**RECORDED INFORMATION:**
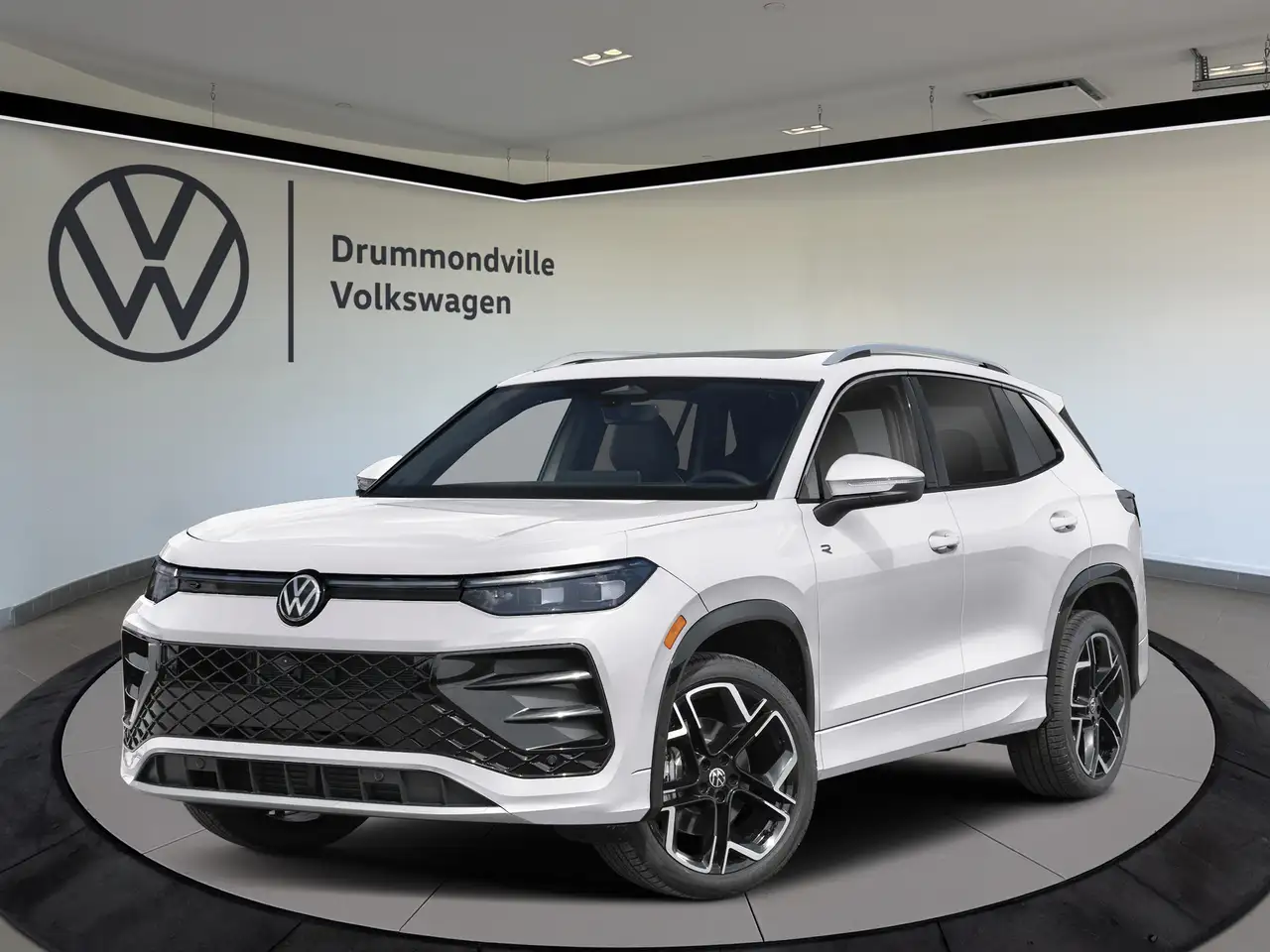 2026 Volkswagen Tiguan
---
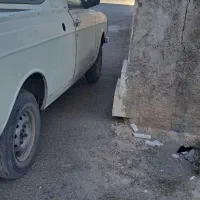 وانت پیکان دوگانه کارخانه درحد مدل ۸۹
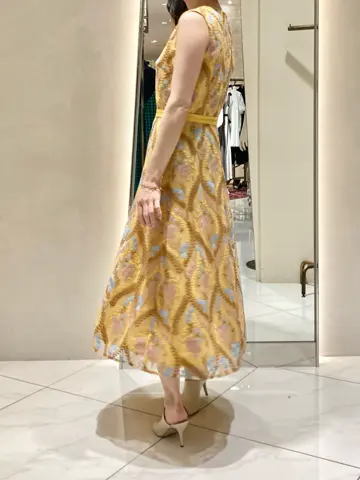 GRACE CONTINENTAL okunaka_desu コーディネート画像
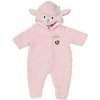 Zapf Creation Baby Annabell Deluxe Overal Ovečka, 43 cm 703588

**EXERCISE AIM:** Reproduce exactly the lines above starting at the line containing "GRACE CONTINENTAL okunaka_desu コーディネート画像" and ending at the line containing "Zapf Creation Baby", including both, but not the pictures.

**TASK OUTPUT:**
 GRACE CONTINENTAL okunaka_desu コーディネート画像
 Zapf Creation Baby Annabell Deluxe Overal Ovečka, 43 cm 703588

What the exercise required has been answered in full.